Custom Search
 


How to Enforce Data Type Constraint


Data Type Constraint

MySQL supports a number of data types in three categories:

  1. Numeric types
  2. Date and Time types
  3. String types

Data type constraint is defined when you create a new table or modifiy an existing table. Below data type is defined for CategoryName column as varchar of 15 characters long. (Screenshot taken from the free MySQL client - SQLyog).

Change data type

Practical Data Type Tips for MySQL

To understand MySQL data type thoroughly, refer to MYSQL documentation for detailed explanation.

Below listed some practical tips you should consider when defining data types in MySQL. Note that these considerations are based on my experience of using MySQL with PHP. If you use different languages to work with MySQL, the following may not be applicable to you.

Tip #1: When creating an integer data type, define it as unsigned if the column is never going to store negative values.

Unsigned integers are non-negative numbers. Signed integers can be either positive or negative values. If your application will never use negative numbers for an integer column, always define it as unsigned. This prevents unwanted negative numbers from being stored in the column. In addition, unsigned integer is smaller in length than the corresponding signed integer.

For example, auto-incremented (starting from 1) primary key column is a good candidate for unsigned int. Max value for unsigned int is 4294967295 which is slightly over 4.2 billion. In northwind, OrderID is defined as unsigned integer because we know it does not make sense if OrderID is a negative number.

Unsigned integer for OrderID

Tip #2: So you are using unsigned integer data type, but be aware of a gotcha.

Yes, there is a gotcha which is related specifically to MySQL. It caught me a couple of times.

Let's do an experiment to illustrate how this gotcha can easily occur.

  1. First, let's create a table called gotcha in SQLyog.

    In this table, we created four columns with data type of int, mediumint, smallint, and tinyint.

    CREATE TABLE `gotcha`
    (
    `test` int(10) unsigned NOT NULL default '0',
    `test2` mediumint(8) unsigned NOT NULL default '0',
    `test3` smallint(5) unsigned NOT NULL default '0',
    `test4` tinyint(3) unsigned NOT NULL default '0'
    )

    Table used for test of out of range unsigned integer value

  2. Then we add one record to the gotcha table.
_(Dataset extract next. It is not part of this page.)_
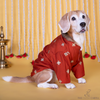 The Papaw Cartel Butta Festive Embroidered Kurta for Dogs & Cats (Orange) Both-Clothing & Accessories The Papaw Cartel Dropship S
Add integer 5 for all 4 columns.

    insert into `gotcha`(`test`,`test2`,`test3`,`test4`) values (5,5,5,5);

    Data for test of out of range unsigned integer value

  3. Run a query for to update the value for each column. The query will try to update the column to a negative number.

    update gotcha set test = test - 6

    update gotcha set test2 = test2 - 6

    update gotcha set test3 = test3 - 6

    update gotcha set test4 = test4 - 6

  4. Check what the value is in each column after the updates.
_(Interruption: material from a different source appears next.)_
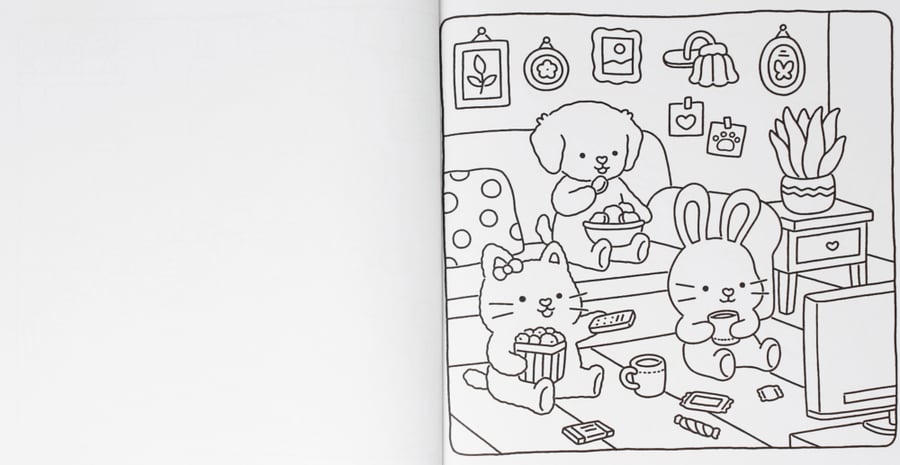 كتاب تلوين FUZZY HYGGE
    Result out of range unsigned integer value

We subtracted 6 from 5 and it should return -1 and store it in each column of this row. But because all columns are defined as unsigned integer data type, no negative number is allowed to be stored in there. Rather than raising an out-of-range error, MySQL simply returned the max integer value for the defined data type for each column.

The gotcha here is that MySQL does not throw an error and so you are not able to catch the error in your PHP or other languages' error handling routine.

This is how it caught me. My site keeps a counter for the number of unread messages in Inbox for each member. When a member read an unread message, the counter is reduced by 1. Because of a bug in my code, the counter sometimes was trying to decrement to -1. You know what happened next - members complained about the meaningless data 4294967295 shown on their page.

How to fix the problem

Actually this is not a bug in MySQL. This strange behavior is expected and documented in MySQL Reference Manual.

To fixed the problem, MySQL recommends the use of CAST function - CAST(expr AS type). It will cast the value to 0 if a negative value is returned.

update gotcha set test = CAST(test - 6 AS SIGNED)

update gotcha set test2 = CAST(test2 - 6 AS SIGNED)

update gotcha set test3 = CAST(test3 - 6 AS SIGNED)

update gotcha set test4 = CAST(test4 - 6 AS SIGNED)

Before CAST:
Fixed out of range unsigned integer value

After CAST:
Fixed out of range unsigned integer value

The lesson we learned here

When you define an integer (bigint, int, mediumint, smallint, tinyint) column, think about how it's going to be used in your application. If the column value can be decremented, always use the CAST function in the update statement.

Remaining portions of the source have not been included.